Выбрать главу

Леварт не знал, но представлял себе, что самый жестокий бой завязался на «Муромце», командирском блокпосту. Атака была такой мощной, что в принципе там не дожно было остаться ни живой души, моджахеды атаковали четыре раза. И четыре раз отступали, отходили, устилая землю трупами. Что когда разорванный взрывом снаряда из РПГ погиб Захарыч, сержант Леонид Захарович Свергун, за треногу встал уже четырежды раненый Бармалей. Что по его приказу солдаты забрали раненых и отступили вниз к вертолетной площадке. Бастион был последним шансом, где они могли дождаться помощи. Что после этого на «Муромце» осталось только двое защитников, чтобы прикрыть отход остальных. Бармалей, старший прапорщик Владлен Аскольдович Самойлов и сержант Дмитрий Ипполитович Гущин. Что огнем с утеса и пекаэма, а потом гранатами они отбили еще одну атаку, после которой однако сражаться они были не в состоянии. Когда моджахеды вошли наконец в беззащитный блокпост и достали ножи, появилась наконец помощь. Предваренная быстрым и внезапным налетом Су-17. Кассетные бомбы, напалм и нурсы покрыли всю территорию и два захваченных душманами блокпоста: «Руслан» и «Муромец». Оба превратились в черное пепелище.

Леварт не знал, что Бармалей тогда был еще жив.

— Вторая смерть, — с усилием прошептал он. — Озеро огня.

Майор искоса смотрел на него. Потом взял за локоть и повел в сторону Бастиона, подальше от снующих санитаров и десантников из прибывшей с подкреплением бронегруппы. Леварт жестко переставлял ноги, он был в полубессознательном состоянии, весь отупевший и нечувствительный. Несмотря на отупение, он смог удивиться.

Потому что Савельев к изумлению Леварта встал на колени. Пал на колени. Глубоко поклонился окровавленной земле и рассыпаным по ней гильзам. Побыл в этом положении минуту. Потом поднял голову и широко перекрестился.

— Помяни, Господи Боже наш, — начал он, — преставившихся рабов Твоих, братьев наших, и яко Благ и Человеколюбец, отпущаяй грехи и потребляяй неправды, ослаби, остави и прости вся вольная их согрешения и невольная, избави их вечныя муки и огня геенскаго, и даруй им причастие и наслаждение вечных Твоих благ, уготованных любящим Тя.

Перекрестился еще раз, еще раз низко поклонился.

— Тем же милостив тому буди, и веру, я же в Тя, вместо дел вмени, и со святыми Твоими яко Щедр упокой: несть бо человека, иже поживет и не согрешит. Но Ты Един еси кроме всякого греха, и правда Твоя, правда во веки, и Ты еси Един Бог милостей и щедрот, и человеколюбия, и Тебе славу возсылаем, Отцу и Сыну и Святому Духу, ныне и присно, и во веки веков. Аминь.

Леварт инстинктивно тоже перекрестился. В молчании.

Если там, в пещере, было что-то большее, чем галлюцинация и героиновый бред, подумал он, то я должен вернуться. К ней. В этом мире я уже места себе не найду. И вообще не хочу искать. Я уже выбрал. Это уже не мой мир. Должен вернуться.

Савельев встал на ноги с видимым трудом.

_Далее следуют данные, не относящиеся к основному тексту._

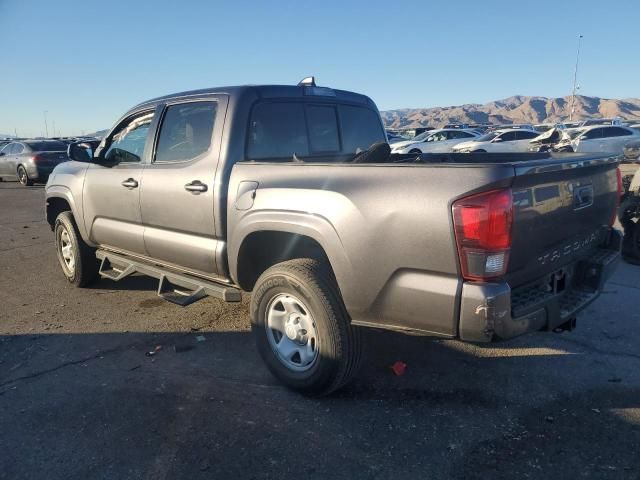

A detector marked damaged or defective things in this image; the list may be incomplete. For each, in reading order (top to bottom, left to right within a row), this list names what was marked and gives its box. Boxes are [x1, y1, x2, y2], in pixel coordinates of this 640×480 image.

cracked pavement [0, 182, 636, 478]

Было ясно, что его искалеченная нога сильно мешала ему стоять на коленях. Массируя колено, он посмотрел на Леварта. Как будто чего-то ждал.

— Товарищ майор.

— Да.

— Вы молились.

— Серьезно? — Савельев слегка усмехнулся. — Не верится. Это страшно, что война делает с человеком.

— Я мог бы. — он поправил на себе комбез. — высказаться высокопарно и эмоционально. О том, какой кошмар эта война, что даже безбожники находят в своих затвердевших сердцах дорогу к Богу и вспоминают слова молитвы. Но я не люблю пустословия, а все объясняется проще. Я происхожу из религиозной семьи и слыхал молитвы с раннего детства. Даже во времена, когда это грозило серьезными последствиями, в доме дедов молились. Потихоньку, как сам понимаешь. Но молились. Что же, времена изменились, последствия смягчились… Но все-таки лучше не рассказывай никому, пожалуйста, об этом в госпитале.

— В каком госпитале?

Хромой Майор быстрым движением вытащил стечкин из кобуры и выстрелил ему в плечо. Леварт рухнул на колено. Схватил себя за руку, открыл рот для крика. Но не закричал.